Jason who has worked at sea for 22 years said: “It is an absolute farce and I have had enough of it. I don't want to give up but there is only so much you can take. I will miss the fishing but it has been ruined by bureaucracy.

“The boats needs to make £2,000 a week to make it pay and you can't get anywhere near that because of the restrictions. I'm looking forward to my new job but it is still sad for me and the family, after four generations of fishing. I have been forced out by Brussels. It is sad for the town too.”

Jason stressed that the quota of cod, their most profitable fish, was so small for the under 10 metre fleet, that even if it went up slightly next year as expected it would make little difference.

He said: “Our cod quota for December was only 300kg and we caught that in only two hours on the first day of the month. It does your head in. We don't want to make a fortune just make a living.

“We are allowed to catch some skate at the moment, but in fishing for that we have to throw back all the cod we are catching even if they are dead.”

The quota system was introduced by Brussels following concerns about dwindling fish stocks but Jason said from his own observations he believed the populations were very healthy.

He said: “If I was leaving because there was no fish out there it would be easier but that is not the case.
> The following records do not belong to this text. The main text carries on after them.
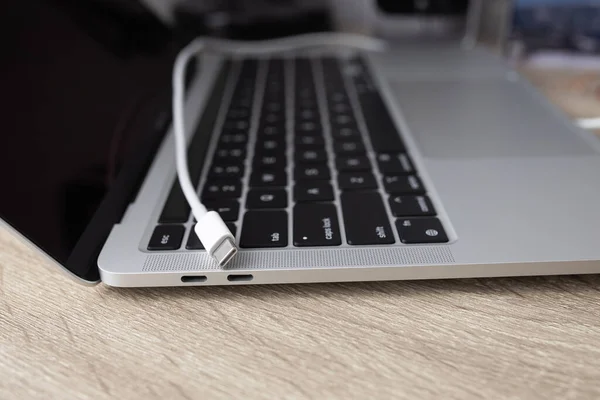 Charging battery laptop. Modern USB C port for fast charge. White cable plugged in laptop close-up view. High quality photo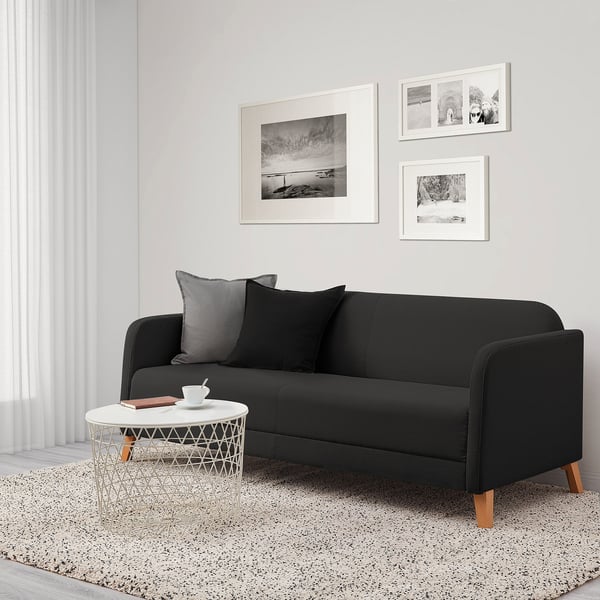 Modernes, minimalistisches Wohnzimmer mit schwarzem LINANÄS-Sofa, weißem Beistelltisch und Schwarz-Weiß-Dekor.
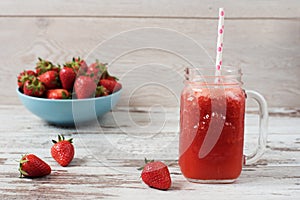 Fresh juice, shake, milkshake of strawberries in a mason jar with a straw. Pile of juicy ripe organic fresh strawberries in a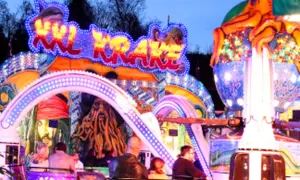 Bunte Lichter und Piratenmotive auf einer Kirmes in Berlin. Eine Achterbahn mit dem Schriftzug "Sky Krake" zieht Besucher an.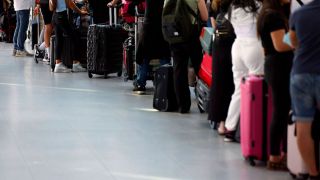 Lange Schlange von Wartenden am Flughafen (Quelle: imago images/Panama Pictures)
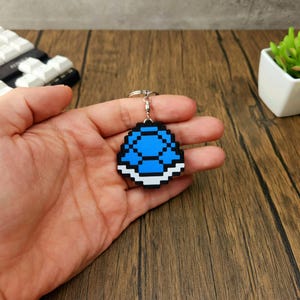 May include: A blue and white pixelated keychain shaped like a turtle shell. The keychain is being held in a hand.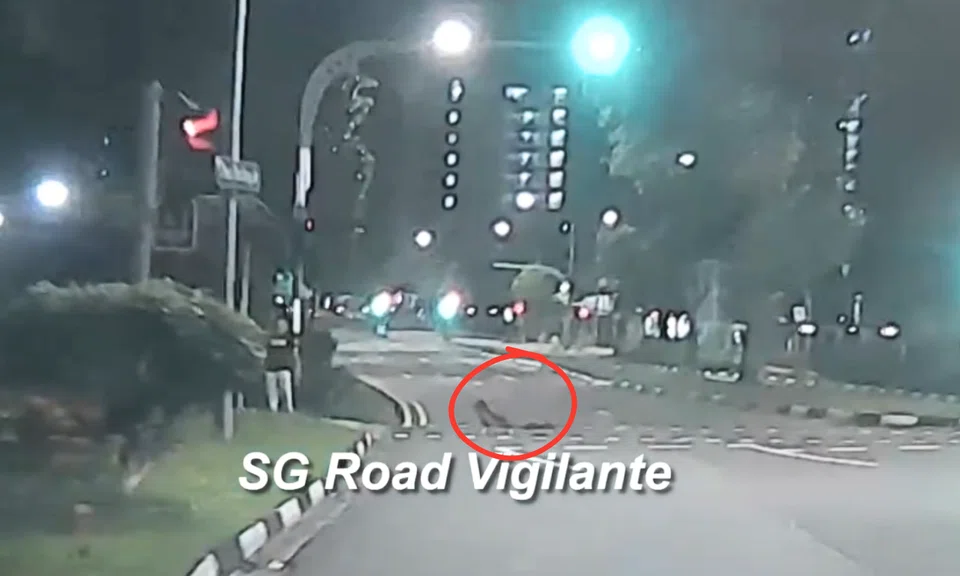 boy cross road in CCK while lying on skateboard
Fish stocks over the past two years have been very good. That is what really breaks your spirit.”

Jason insisted that all fishermen were in favour of conservation but the quota system was just a bureaucratic mess.

“It will be better to have the system where you are restricted to a certain number of days at sea each year but allowed to keep everything you catch,” he said.
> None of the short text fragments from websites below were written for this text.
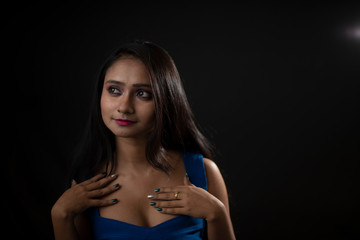 Naklejka premium Fashion portrait of an young and attractive Indian Bengali brunette girl with blue western dress in front of a black studio background. Indian fashion portrait and lifestyle.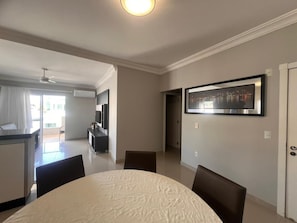 Una sala moderna con comedor, cocina y balcón.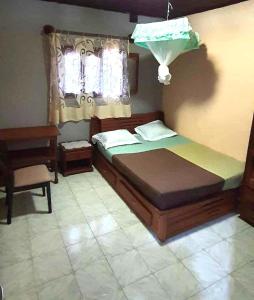 una camera con un letto e una sedia e una finestra di Maison d'hôtes Villa Mont du Pèlerin à Toamasina Madagascar a Toamasina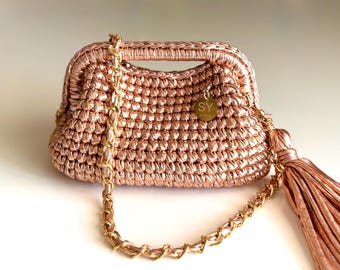 May include: A rose gold crocheted handbag with a gold chain strap and a matching tassel. The bag has a structured shape with a handle and a small circular tag with the letters "SY".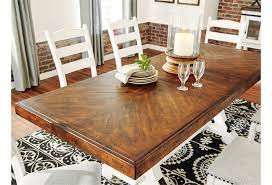 A dining room table is more than a place to eat, it's a place where friends and family gather. Signature Design By Ashley Valebeck D546 35 Two Tone Rectangular Dining Room Table With Leaf Northeast Factory Direct Dining Tables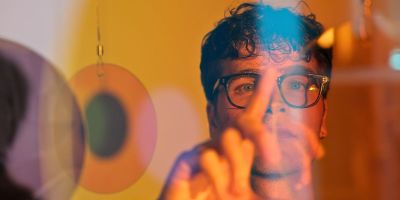 A young man wearing glasses is seen through a number of coloured glass lenses, with blue and orange light over his face. He raises his hand in front of his face to adjust one of the lenses.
Jason, who is preparing to hire out the family boat Eventide to his present crew Richard Brookin, 31, questioned whether there would be any full time fishermen left in the longer term.
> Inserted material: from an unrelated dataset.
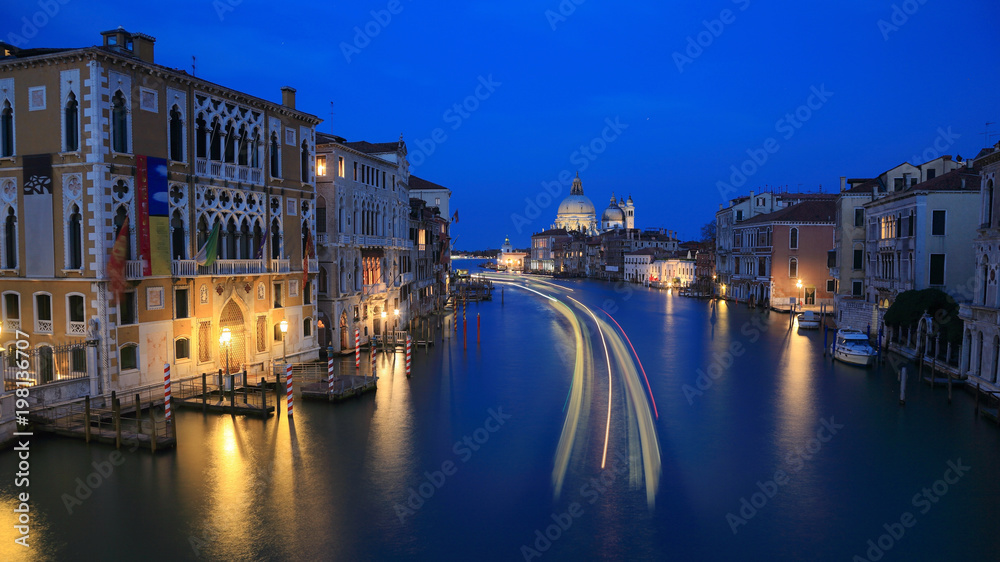 Gliding Into the Night of Beautiful Venezia ~ Evening scenery of Venice with light trails of boats & ferries on Grand Canal and Basilica di Santa Maria della Salute in the distant background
He said: “There are not that many part-timers. There are no youngsters coming up who would get involved in fishing now.”

While in his father's day the Yarmouth fleet had already declined to a handful of boats, his grandfather had recounted to him stories about a time when the harbour was packed. The heyday of the industry had even been before his grandfather's time, a century ago, when the prosperity was based on herring , also know as silver darlings.

However over fishing in the 1920s and changing fashions - a preference for white fish - decimated the industry. Since the 1980s the 20 or so boats remaining had steadily given up in the face of the demoralising quota system.

Nikki Hale, chief executive of the Eastern England Fish Producers Association, described it as “heartbreaking and disgusting” that EU legislation had pushed the Clarke family to this decision.

She said that while Yarmouth had been synonymous with fishing, it was not just a local problem - quotas being proposed for next year were likely to drive even more boats out of business across the country.

Mr Brookin, of Kings Street, Yarmouth, has been fishing on and off all his life and has no illusions about the challenge he faces in taking over the Clarkes' boat.

He admitted the quota system “was heartbreaking” but said they would be investing in new fishing gear and focusing more on shellfish, including lobsters, not subject to quotas.

Talks on fishing quotas are going on this week in Brussels.

A Defra spokesman said Defra want to see a radical reform of common fishing policy to help fishermen deal with cyclical nature of the industry. “We have sympathy for the Yarmouth fishermen. The quotas are something we want to see addressed in reform of common fishing policy.

“We want everything to be discussed in the reform of common fishing policy in support our fishing industry.”

The spokesman added that any new quotas should go hand-in-hand with work to conserve fish stocks.